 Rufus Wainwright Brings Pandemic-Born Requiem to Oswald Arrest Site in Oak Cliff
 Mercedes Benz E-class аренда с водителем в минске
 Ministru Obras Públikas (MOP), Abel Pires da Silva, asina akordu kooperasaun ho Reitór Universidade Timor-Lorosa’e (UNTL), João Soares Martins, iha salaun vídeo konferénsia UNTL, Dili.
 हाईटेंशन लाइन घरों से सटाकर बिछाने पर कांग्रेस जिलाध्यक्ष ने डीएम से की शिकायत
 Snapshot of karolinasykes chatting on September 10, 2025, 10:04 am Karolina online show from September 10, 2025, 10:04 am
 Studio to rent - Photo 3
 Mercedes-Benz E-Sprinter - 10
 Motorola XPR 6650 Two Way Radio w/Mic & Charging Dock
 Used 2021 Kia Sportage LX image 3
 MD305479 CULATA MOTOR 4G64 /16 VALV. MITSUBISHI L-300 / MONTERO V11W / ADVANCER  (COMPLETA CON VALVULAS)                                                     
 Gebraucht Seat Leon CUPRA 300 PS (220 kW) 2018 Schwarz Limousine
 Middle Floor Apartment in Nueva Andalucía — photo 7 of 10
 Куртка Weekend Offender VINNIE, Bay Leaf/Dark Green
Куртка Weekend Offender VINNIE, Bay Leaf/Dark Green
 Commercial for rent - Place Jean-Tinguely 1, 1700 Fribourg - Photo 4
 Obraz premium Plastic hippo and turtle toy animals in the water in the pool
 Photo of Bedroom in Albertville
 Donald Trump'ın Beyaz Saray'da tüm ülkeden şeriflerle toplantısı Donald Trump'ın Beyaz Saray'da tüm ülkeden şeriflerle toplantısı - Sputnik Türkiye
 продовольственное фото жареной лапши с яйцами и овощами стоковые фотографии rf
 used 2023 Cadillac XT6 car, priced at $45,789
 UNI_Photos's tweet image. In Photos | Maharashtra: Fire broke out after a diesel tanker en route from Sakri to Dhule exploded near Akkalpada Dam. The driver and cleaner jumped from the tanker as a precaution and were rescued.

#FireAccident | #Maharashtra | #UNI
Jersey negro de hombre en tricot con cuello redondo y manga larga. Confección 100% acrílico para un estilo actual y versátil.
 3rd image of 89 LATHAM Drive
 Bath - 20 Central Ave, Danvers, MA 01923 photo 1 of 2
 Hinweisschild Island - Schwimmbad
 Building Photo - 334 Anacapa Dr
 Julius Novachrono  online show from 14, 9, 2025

* REQUIRED WORK *
Using the data above, restate word for word the lines from its opening line through the line that contains "Snapshot of karolinasykes", and no more.

* FINAL ANSWER *
 Rufus Wainwright Brings Pandemic-Born Requiem to Oswald Arrest Site in Oak Cliff
 Mercedes Benz E-class аренда с водителем в минске
 Ministru Obras Públikas (MOP), Abel Pires da Silva, asina akordu kooperasaun ho Reitór Universidade Timor-Lorosa’e (UNTL), João Soares Martins, iha salaun vídeo konferénsia UNTL, Dili.
 हाईटेंशन लाइन घरों से सटाकर बिछाने पर कांग्रेस जिलाध्यक्ष ने डीएम से की शिकायत
 Snapshot of karolinasykes chatting on September 10, 2025, 10:04 am Karolina online show from September 10, 2025, 10:04 am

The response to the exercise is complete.